Samstag, 19. September 2020

🇺🇸 Read: Natalie Jenner: The Jane Austen Society

 This book came with high recommendation from Modern Mrs. Darcy, and I totally agree with her.



The book is set shortly after World War II, in Chawton, UK.

Never heard about it? It was the village where Jane Austen lived the last years of her life. Though in the 1950s, Jane Austen wasn’t quite the super star she is today, a few of the villagers really love her books and find peace and solace in reading them over and over again:


There is Florence Knight, a real descendant of Jane Austen’s brother, a spinster in her 50s, terrorized by her  old father.

Adam, a farmer and village aid, still living with his spiteful mother

Dr. Benjamin Grey, the village physician who lost his beloved wife and their daughter

Andrew Forester, the town solicitor, who knows what the fate of the Knight estate will be,

Adeline, the former village school teacher, pregnant with her first child, who’s husband died in the war,

Evie, a maid in the Knight household, who had to leave school at age 14, but who really loves books, and,

Mimi, a Hollywood actress with a great passion for Jane Austen, who stops by to visit the last place she lived.


This diverse group of women and men, poor and wealthy bonds over their common love for Jane Austen and their shared goal to preserve her memory. 

Life doesn’t mean to well with either of them in the trying times after the war, and, like in true Jan Austen manner, one or the other may find love and  compassion in rather unexpected ways.

While the story line is entertaining and interesting enough, this is also a book about book lovers and the joy of reading and finding likeminded people who love the same books. 

I read this book as an audio and loved the narration, too.



Samstag, 12. September 2020

🇺🇸 Read: Rodham by Curtis Sittenfeld (audio book)

 Do you know this idea, that, every time we make a decision, a door opens and another one closes? And that there are endless universes, that take a different path, depending on these decisions you made?

this is a book that explores that idea.

What if Hillary, whom we know as Hillary Clinton, would have decided to end her relationship to her cheating boyfriend, and would have lived on as 



This is a very interesting book, following the steps on a pretty average American woman born in the 1940s, coming of age in the 60s, going to college and then on to law school.

New and more opportunities for women, but also the traditional hurdles and questions: following my career aspirations or marrying and stepping back to support my husband?

We all know how it ended in real life: While she made it into the White House, she was not the president.
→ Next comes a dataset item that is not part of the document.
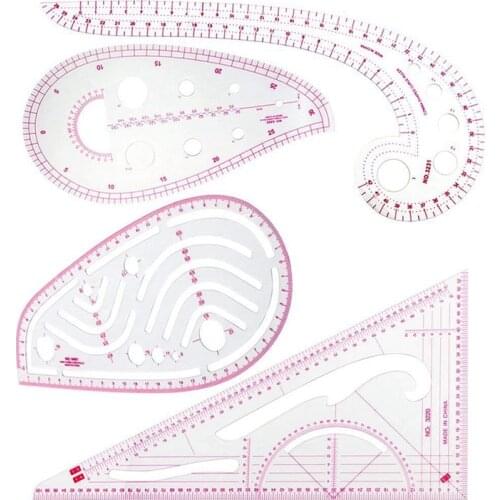 Sewing Ruler Set (4 Pcs) - Metric Ruler Set French Curve Pattern Grading Ruler Dressmaking Drawing Drafting Measure Template Too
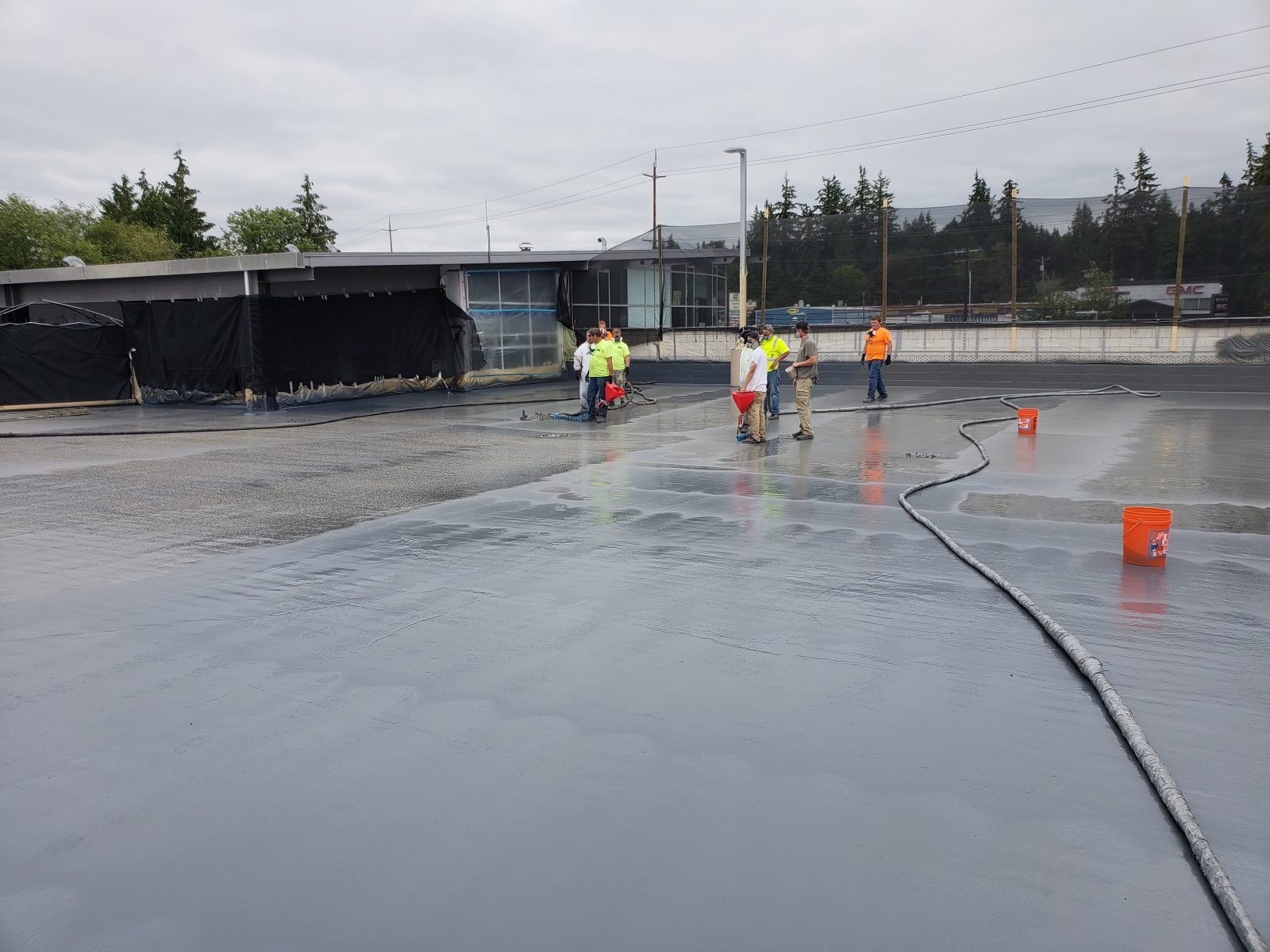 Steel panel roof restored with elastomeric coating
Had to live through the public humiliation of her husbands “not having sexual relations with that woman” (*) .But would have her path ended in the Oval Office had she ditched Bill Clinton early on?

Curtis Sittenfeld imagines that she would have lived a public life as a politician anyway. And much of the criticism she faced in real life would have been thrown at her anyways as well. Her and Bill Clintons paths would have crossed over and over again, and anything that had been held against her because of her husband, would have been held against her because she might not have been his wife as well. A nasty woman always stays a nasty woman, no matter if she is a spinster, a wife, a mother, nun or president. How dare she. While imagining the big “what if’, Curtis Sittenfeld doesn’t turn her into a Saint, she always stays realistically, loyal and opportunistic, idealistic and pragmatic, relatable.

I quite enjoyed listening to this book, and the narrator did a tremendous job with the voicing of the different characters. I also loved how real life events, speeches facts were tweaked to fit the narration. 




(*) Since the beginning of the #metoo movement I thought a lot about Monica Lewinsky and what she went through. This affair was of course also discussed in Germany with a slight irritation about why the question where the president gets his sex is that important for American politics. In Germany, this would have never been the scandal that it was in the US.

Now, 30 years later, I have a hard time to believe we took no offense at all that  the - arguably- most powerful man in the western world took advantage of a young, inexperienced intern. And then, in the end, instead of being recognized as a victim of sexual harassment and working place harassment, she becomes the laughing stock of the world. With the first thing a lot of people saying: she isn’t even  pretty. 

She got bullied in every media outlet worldwide, ridiculed and violated over and over again. It was okay for a man to use a young woman as a toy and throw her away after using her. He should have been punished. Not for lying, but for exploitation. For being a sexual predator and offender.  And shame on all of us for not siding with the victim, but continuing the abuse.